* [Task to carry out] Since only part of the material below is wanted, output exactly the lines from the one with "Vintage Pleated Solid" up to and including the one with "J2 - Cat Back".

* [Data for analysis]

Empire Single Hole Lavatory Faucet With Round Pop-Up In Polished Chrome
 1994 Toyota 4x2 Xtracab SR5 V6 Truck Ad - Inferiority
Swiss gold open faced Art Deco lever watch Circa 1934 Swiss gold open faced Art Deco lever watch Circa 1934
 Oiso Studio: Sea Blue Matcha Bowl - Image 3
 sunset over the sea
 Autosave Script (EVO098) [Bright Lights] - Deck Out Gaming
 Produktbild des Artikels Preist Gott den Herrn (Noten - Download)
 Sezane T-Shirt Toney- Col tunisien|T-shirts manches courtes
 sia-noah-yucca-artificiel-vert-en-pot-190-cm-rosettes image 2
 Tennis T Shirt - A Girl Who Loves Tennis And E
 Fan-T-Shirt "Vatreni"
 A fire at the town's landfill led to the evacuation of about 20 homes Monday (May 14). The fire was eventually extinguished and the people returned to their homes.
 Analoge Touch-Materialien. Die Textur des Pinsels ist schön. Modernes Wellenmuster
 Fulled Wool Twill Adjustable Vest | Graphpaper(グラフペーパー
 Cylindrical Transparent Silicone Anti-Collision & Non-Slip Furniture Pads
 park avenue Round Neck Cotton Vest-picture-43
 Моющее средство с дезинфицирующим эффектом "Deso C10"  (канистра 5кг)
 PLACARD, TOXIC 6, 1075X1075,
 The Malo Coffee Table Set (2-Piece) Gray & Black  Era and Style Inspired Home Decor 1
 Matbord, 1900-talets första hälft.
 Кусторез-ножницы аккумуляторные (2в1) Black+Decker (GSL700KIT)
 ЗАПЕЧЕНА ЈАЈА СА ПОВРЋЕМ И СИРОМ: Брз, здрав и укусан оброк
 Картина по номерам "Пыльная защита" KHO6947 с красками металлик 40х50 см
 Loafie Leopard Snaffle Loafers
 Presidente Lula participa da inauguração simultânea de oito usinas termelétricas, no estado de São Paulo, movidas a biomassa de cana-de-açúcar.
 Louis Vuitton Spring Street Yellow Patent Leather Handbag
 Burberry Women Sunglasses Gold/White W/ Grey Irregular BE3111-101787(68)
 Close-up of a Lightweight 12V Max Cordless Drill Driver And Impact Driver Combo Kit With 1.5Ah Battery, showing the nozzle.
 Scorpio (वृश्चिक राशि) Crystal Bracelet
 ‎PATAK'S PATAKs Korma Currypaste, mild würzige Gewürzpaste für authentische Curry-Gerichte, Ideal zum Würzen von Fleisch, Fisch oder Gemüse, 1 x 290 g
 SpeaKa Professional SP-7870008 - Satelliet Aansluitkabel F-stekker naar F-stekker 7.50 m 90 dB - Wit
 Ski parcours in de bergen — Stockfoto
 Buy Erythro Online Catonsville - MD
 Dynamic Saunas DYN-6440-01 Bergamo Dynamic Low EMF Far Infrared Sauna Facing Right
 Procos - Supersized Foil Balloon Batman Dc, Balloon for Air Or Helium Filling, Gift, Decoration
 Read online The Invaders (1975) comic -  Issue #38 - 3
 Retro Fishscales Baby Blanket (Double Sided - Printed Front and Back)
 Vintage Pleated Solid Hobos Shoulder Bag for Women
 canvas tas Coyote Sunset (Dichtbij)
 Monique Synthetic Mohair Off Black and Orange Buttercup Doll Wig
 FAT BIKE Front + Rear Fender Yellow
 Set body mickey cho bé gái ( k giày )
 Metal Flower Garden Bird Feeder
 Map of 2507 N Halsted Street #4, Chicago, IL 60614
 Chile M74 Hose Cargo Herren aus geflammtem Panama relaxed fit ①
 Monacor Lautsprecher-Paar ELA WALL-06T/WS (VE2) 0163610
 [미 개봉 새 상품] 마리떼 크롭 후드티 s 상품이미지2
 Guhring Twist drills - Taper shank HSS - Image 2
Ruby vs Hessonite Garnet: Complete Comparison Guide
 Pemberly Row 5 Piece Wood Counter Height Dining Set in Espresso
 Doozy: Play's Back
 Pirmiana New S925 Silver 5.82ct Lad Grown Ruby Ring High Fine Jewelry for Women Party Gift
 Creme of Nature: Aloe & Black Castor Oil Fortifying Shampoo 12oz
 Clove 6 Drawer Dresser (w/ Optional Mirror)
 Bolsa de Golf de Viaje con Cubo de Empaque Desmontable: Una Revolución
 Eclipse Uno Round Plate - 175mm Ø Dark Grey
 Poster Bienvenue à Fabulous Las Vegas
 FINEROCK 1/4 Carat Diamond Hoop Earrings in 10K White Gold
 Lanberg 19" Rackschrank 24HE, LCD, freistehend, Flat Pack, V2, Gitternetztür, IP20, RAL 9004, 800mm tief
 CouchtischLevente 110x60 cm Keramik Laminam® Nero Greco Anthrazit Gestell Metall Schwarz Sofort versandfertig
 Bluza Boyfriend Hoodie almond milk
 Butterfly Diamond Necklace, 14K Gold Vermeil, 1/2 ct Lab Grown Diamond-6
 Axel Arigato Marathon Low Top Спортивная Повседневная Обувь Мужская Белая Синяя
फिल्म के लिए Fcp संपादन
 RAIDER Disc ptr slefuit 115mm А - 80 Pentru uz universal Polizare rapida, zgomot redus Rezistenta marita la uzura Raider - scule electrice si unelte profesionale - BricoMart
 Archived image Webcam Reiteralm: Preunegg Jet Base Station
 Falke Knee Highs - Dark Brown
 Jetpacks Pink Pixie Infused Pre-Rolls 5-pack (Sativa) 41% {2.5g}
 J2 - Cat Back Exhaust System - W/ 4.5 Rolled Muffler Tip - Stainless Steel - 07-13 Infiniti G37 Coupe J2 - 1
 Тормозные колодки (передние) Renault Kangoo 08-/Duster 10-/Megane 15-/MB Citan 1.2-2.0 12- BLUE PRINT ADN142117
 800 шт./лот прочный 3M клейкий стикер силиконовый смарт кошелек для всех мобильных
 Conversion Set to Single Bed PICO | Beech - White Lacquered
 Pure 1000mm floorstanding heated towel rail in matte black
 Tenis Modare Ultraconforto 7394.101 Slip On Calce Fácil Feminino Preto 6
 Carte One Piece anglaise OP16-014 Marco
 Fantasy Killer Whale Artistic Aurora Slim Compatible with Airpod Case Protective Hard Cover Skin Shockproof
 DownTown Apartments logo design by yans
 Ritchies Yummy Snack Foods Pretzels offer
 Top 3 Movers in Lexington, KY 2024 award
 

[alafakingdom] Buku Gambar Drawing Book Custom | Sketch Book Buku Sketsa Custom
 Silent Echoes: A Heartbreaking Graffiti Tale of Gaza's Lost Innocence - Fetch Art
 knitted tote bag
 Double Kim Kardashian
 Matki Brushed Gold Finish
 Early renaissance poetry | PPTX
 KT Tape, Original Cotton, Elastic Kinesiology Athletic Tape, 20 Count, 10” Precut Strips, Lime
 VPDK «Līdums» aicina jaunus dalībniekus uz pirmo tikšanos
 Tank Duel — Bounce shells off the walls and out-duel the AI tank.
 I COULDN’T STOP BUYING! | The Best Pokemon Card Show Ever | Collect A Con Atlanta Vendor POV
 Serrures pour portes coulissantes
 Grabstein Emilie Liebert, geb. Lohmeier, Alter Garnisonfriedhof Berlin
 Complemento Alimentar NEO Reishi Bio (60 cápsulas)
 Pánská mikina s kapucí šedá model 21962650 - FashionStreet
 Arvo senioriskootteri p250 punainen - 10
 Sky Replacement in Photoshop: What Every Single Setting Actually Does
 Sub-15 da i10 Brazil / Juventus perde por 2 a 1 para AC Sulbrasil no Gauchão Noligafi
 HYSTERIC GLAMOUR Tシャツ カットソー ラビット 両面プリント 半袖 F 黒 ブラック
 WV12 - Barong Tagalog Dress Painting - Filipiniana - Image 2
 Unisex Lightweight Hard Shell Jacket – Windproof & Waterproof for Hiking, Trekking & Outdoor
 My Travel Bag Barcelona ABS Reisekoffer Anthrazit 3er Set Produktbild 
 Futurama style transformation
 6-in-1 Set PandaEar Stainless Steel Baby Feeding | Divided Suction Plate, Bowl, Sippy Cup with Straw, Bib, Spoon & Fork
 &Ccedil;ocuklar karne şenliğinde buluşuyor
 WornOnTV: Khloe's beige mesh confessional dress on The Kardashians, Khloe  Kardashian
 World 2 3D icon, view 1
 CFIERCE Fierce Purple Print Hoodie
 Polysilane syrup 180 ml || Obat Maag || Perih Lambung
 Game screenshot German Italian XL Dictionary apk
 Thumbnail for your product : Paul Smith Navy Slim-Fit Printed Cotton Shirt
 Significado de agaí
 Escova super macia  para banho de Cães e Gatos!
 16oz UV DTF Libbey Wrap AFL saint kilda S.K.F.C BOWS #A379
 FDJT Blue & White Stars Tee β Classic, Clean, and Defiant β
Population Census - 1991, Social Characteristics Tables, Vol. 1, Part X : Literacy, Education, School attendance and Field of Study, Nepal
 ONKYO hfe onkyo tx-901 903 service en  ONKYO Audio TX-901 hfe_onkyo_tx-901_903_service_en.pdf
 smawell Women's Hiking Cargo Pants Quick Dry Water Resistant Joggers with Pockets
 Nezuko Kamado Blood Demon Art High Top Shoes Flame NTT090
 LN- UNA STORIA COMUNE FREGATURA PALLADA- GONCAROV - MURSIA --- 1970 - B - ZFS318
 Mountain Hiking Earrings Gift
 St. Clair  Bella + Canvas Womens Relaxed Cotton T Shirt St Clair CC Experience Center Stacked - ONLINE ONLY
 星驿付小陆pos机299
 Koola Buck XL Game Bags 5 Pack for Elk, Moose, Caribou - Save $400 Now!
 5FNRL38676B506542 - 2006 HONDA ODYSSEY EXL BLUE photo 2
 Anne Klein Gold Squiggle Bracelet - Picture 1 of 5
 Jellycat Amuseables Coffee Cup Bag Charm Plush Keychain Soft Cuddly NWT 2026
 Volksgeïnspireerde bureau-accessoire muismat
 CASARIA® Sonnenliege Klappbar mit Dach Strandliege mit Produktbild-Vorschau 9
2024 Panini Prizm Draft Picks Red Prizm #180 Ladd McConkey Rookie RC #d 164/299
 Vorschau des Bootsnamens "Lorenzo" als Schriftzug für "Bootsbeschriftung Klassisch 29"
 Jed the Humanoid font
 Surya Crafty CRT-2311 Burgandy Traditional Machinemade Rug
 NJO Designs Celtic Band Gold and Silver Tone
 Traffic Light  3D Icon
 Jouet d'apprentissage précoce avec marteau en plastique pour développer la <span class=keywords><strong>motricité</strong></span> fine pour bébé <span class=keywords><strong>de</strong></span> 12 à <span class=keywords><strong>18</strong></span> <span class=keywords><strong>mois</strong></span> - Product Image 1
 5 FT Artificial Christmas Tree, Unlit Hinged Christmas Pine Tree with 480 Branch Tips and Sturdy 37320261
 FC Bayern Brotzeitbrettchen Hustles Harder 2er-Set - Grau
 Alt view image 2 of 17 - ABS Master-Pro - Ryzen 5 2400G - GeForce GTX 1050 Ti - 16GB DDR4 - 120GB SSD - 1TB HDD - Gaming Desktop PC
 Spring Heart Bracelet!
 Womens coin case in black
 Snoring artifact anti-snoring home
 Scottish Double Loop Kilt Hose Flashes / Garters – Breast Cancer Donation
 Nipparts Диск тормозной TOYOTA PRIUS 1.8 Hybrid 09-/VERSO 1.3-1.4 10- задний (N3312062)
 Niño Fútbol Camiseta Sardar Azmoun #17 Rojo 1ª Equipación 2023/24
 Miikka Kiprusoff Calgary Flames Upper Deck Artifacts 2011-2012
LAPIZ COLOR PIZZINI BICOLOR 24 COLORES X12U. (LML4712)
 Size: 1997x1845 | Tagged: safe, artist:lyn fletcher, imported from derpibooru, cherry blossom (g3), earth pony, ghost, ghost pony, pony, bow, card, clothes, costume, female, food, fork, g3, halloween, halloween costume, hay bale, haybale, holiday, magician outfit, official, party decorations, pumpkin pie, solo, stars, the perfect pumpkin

* [Task answer]
 Vintage Pleated Solid Hobos Shoulder Bag for Women
 canvas tas Coyote Sunset (Dichtbij)
 Monique Synthetic Mohair Off Black and Orange Buttercup Doll Wig
 FAT BIKE Front + Rear Fender Yellow
 Set body mickey cho bé gái ( k giày )
 Metal Flower Garden Bird Feeder
 Map of 2507 N Halsted Street #4, Chicago, IL 60614
 Chile M74 Hose Cargo Herren aus geflammtem Panama relaxed fit ①
 Monacor Lautsprecher-Paar ELA WALL-06T/WS (VE2) 0163610
 [미 개봉 새 상품] 마리떼 크롭 후드티 s 상품이미지2
 Guhring Twist drills - Taper shank HSS - Image 2
Ruby vs Hessonite Garnet: Complete Comparison Guide
 Pemberly Row 5 Piece Wood Counter Height Dining Set in Espresso
 Doozy: Play's Back
 Pirmiana New S925 Silver 5.82ct Lad Grown Ruby Ring High Fine Jewelry for Women Party Gift
 Creme of Nature: Aloe & Black Castor Oil Fortifying Shampoo 12oz
 Clove 6 Drawer Dresser (w/ Optional Mirror)
 Bolsa de Golf de Viaje con Cubo de Empaque Desmontable: Una Revolución
 Eclipse Uno Round Plate - 175mm Ø Dark Grey
 Poster Bienvenue à Fabulous Las Vegas
 FINEROCK 1/4 Carat Diamond Hoop Earrings in 10K White Gold
 Lanberg 19" Rackschrank 24HE, LCD, freistehend, Flat Pack, V2, Gitternetztür, IP20, RAL 9004, 800mm tief
 CouchtischLevente 110x60 cm Keramik Laminam® Nero Greco Anthrazit Gestell Metall Schwarz Sofort versandfertig
 Bluza Boyfriend Hoodie almond milk
 Butterfly Diamond Necklace, 14K Gold Vermeil, 1/2 ct Lab Grown Diamond-6
 Axel Arigato Marathon Low Top Спортивная Повседневная Обувь Мужская Белая Синяя
फिल्म के लिए Fcp संपादन
 RAIDER Disc ptr slefuit 115mm А - 80 Pentru uz universal Polizare rapida, zgomot redus Rezistenta marita la uzura Raider - scule electrice si unelte profesionale - BricoMart
 Archived image Webcam Reiteralm: Preunegg Jet Base Station
 Falke Knee Highs - Dark Brown
 Jetpacks Pink Pixie Infused Pre-Rolls 5-pack (Sativa) 41% {2.5g}
 J2 - Cat Back Exhaust System - W/ 4.5 Rolled Muffler Tip - Stainless Steel - 07-13 Infiniti G37 Coupe J2 - 1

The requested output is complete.